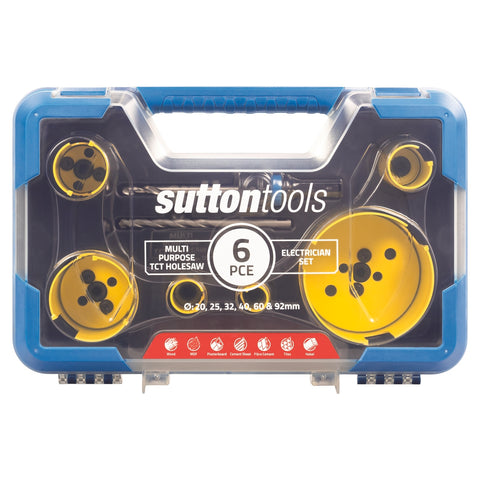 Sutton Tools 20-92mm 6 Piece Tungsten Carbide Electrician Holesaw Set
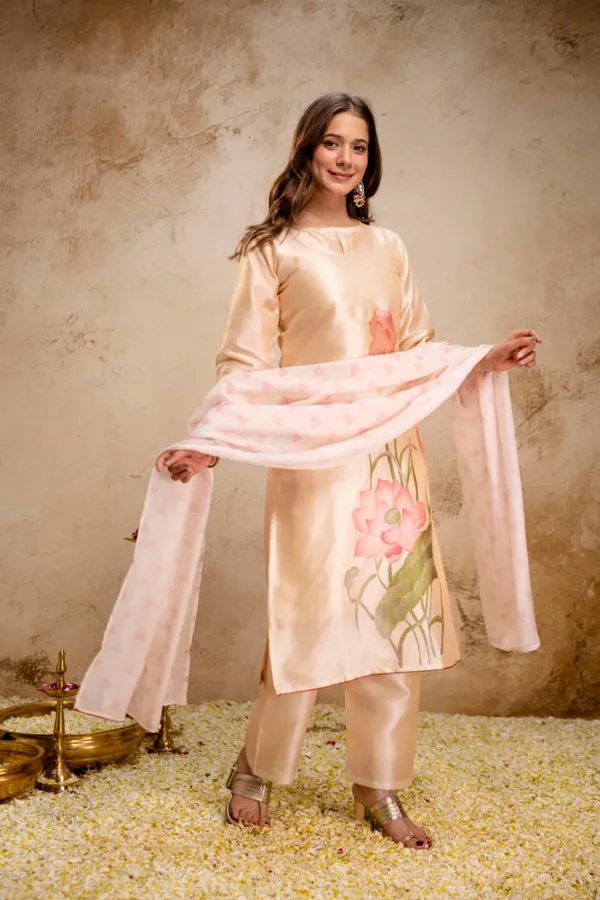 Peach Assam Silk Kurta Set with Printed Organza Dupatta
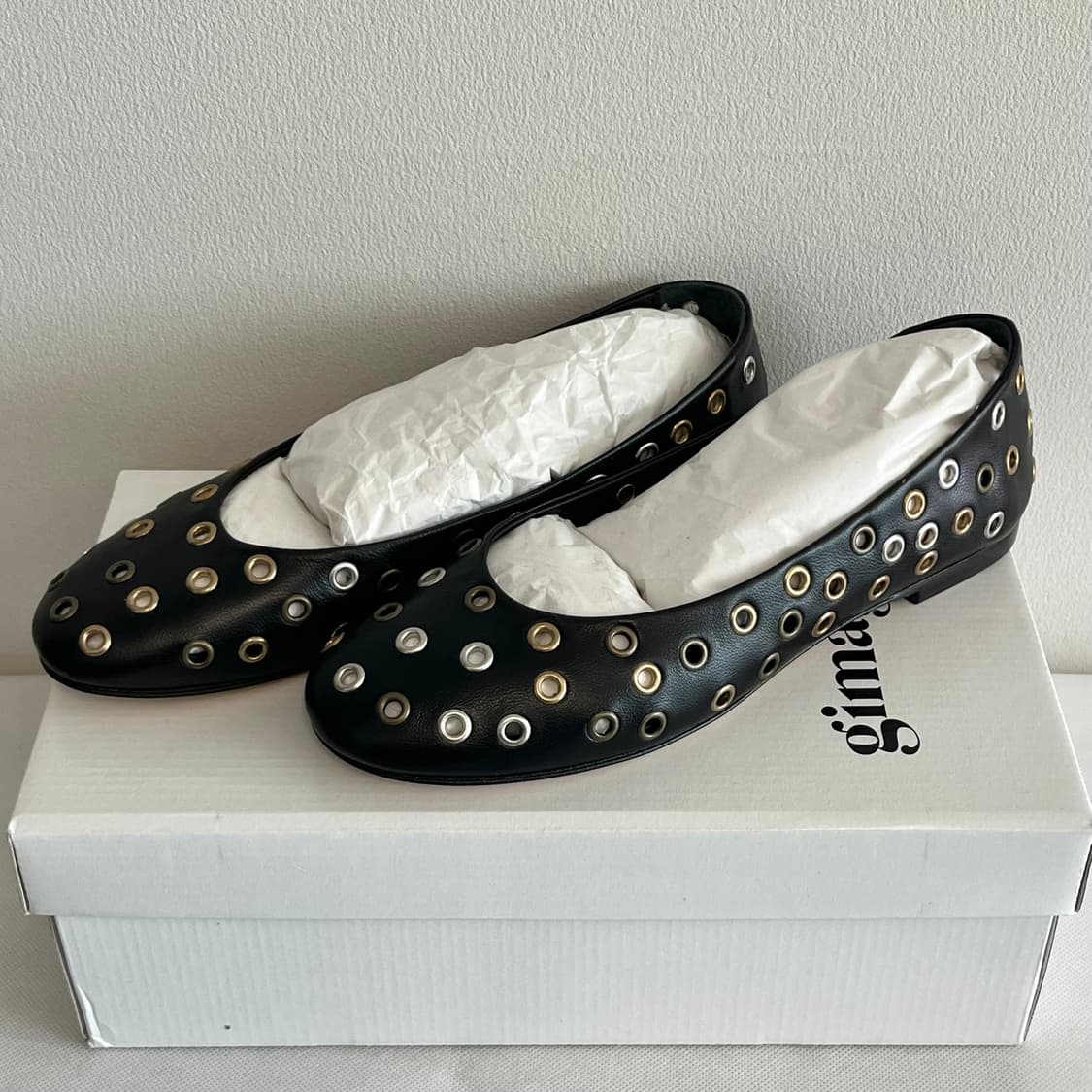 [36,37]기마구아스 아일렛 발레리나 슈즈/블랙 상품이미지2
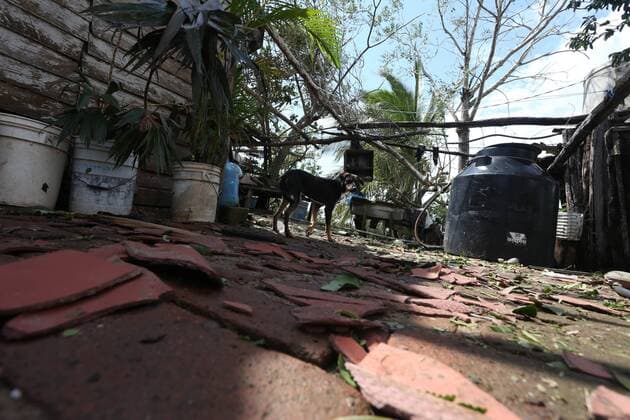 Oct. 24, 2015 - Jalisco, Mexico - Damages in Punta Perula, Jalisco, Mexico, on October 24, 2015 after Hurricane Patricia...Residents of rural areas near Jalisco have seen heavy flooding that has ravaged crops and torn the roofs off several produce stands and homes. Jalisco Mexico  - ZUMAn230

===

Requirement ▸ Reproduce the data verbatim. Do not carry any picture into the copy.

Written solution ▸
 Sutton Tools 20-92mm 6 Piece Tungsten Carbide Electrician Holesaw Set
 Peach Assam Silk Kurta Set with Printed Organza Dupatta
 [36,37]기마구아스 아일렛 발레리나 슈즈/블랙 상품이미지2
 Oct. 24, 2015 - Jalisco, Mexico - Damages in Punta Perula, Jalisco, Mexico, on October 24, 2015 after Hurricane Patricia...Residents of rural areas near Jalisco have seen heavy flooding that has ravaged crops and torn the roofs off several produce stands and homes. Jalisco Mexico  - ZUMAn230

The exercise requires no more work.